For this writing, I had to grab a few more screenshots, and as per usual, ended up playing the game more than planned. But I didn’t just screw around in the beginning. I ended up beating half the game in only a few hours. I’ll never master Lordran, nor even come close, but my hard-earned knowledge paid off. I felt at home there, in the same way one feels at home in Hyrule Field, only with much more danger lurking around each corner. And more skulls.
Critics will often shy away from wanting to give a review score to a video game that they deem worthy of being labelled “art.” Games like Dear Esther (2012) and even, weirdly enough, Fez (2012) have not been given traditional, something-out-of-ten scores on occasion, whereas a masterful piece of work such as Ocarina of Time (1998) will have, with no question, a plethora of “great” scores.

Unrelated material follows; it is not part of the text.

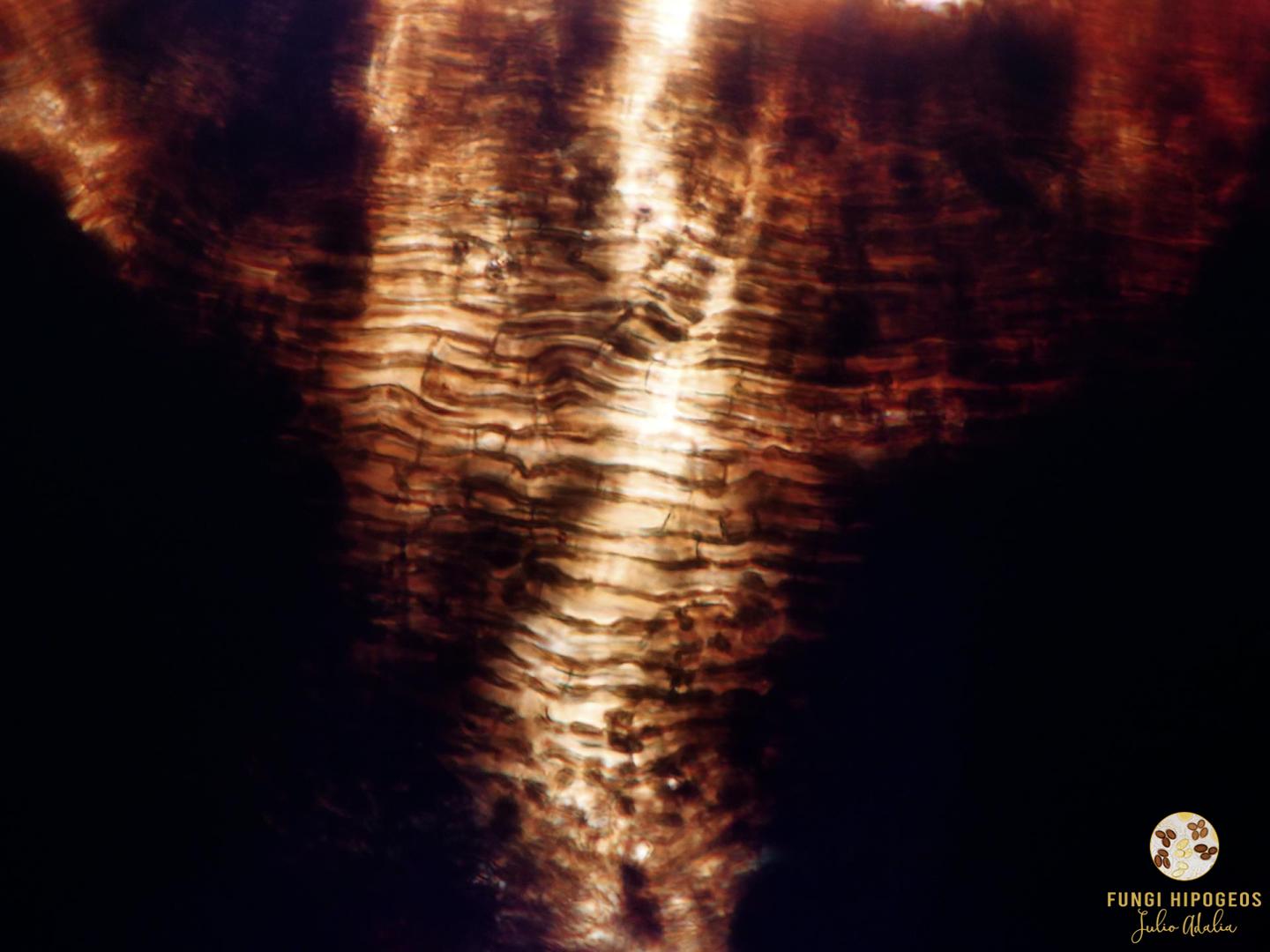 Detalle del exocortes (Fig. 5)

Dark Souls is tough, it’s shocking, it’s art, and it’s a game, and it deserves a great review, maybe even an almost perfect one. It currently holds a 89% on Metacritic, a far cry from Ocarina’s 99%, but maybe that is a fair number for the game. I don’t really know.
The game isn’t art because it emulates El Greco or Herzog, recalls Hughes or Pasolini, because it refers to Gothic architecture or because it has a great soundtrack (“Great Grey Wolf Sif” is beautiful music, game or not).
Dark Souls is play, the essence of life, to its furthest extremity, though. Few works, in any medium, can compare to its glaring brevity and immensity.